What you are asked to do: Dropping every picture, set down exactly the lines in the entries below, starting with the line with "Cincinnati Bengals Nike" and going on through the line with "Liewood giacca reversibile".

Data:
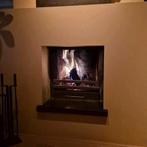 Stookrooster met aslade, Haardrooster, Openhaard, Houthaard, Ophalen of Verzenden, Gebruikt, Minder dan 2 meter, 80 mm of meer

* * *

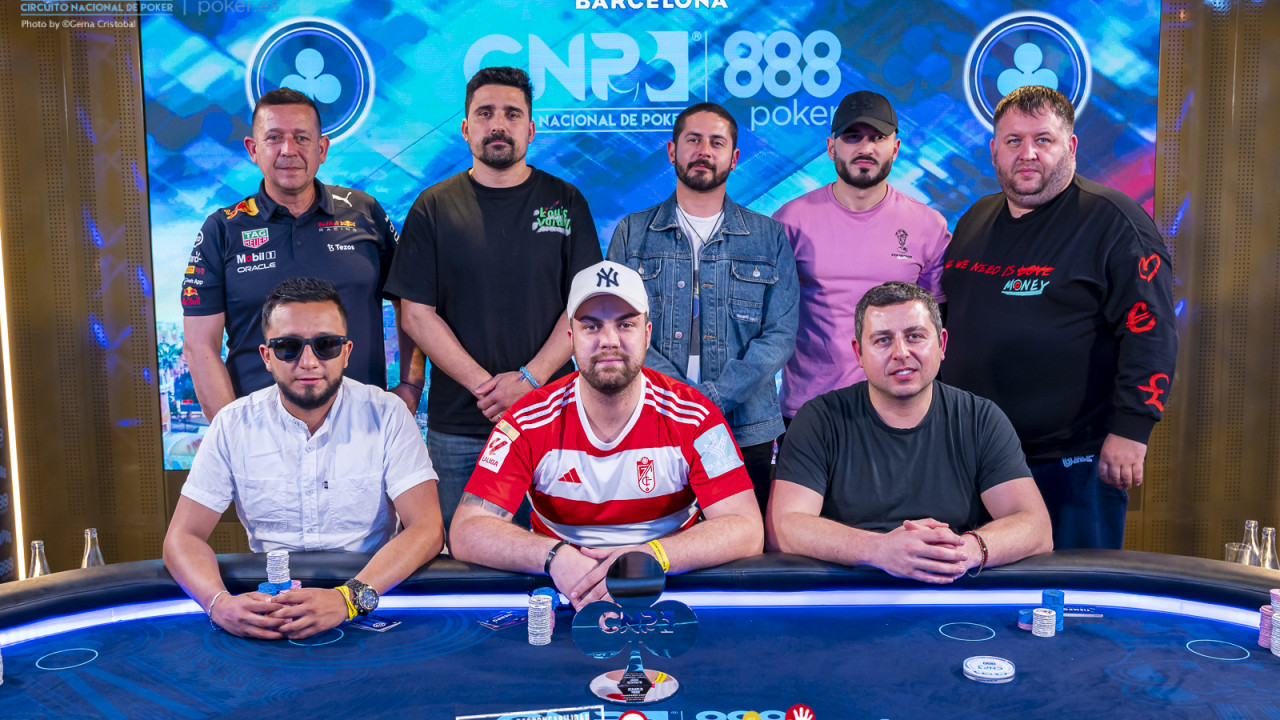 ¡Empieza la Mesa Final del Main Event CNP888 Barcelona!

...

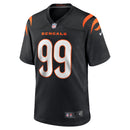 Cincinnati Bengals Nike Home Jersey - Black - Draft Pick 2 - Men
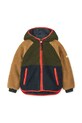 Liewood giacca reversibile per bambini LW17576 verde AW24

Answer for this exercise:
 Cincinnati Bengals Nike Home Jersey - Black - Draft Pick 2 - Men
 Liewood giacca reversibile per bambini LW17576 verde AW24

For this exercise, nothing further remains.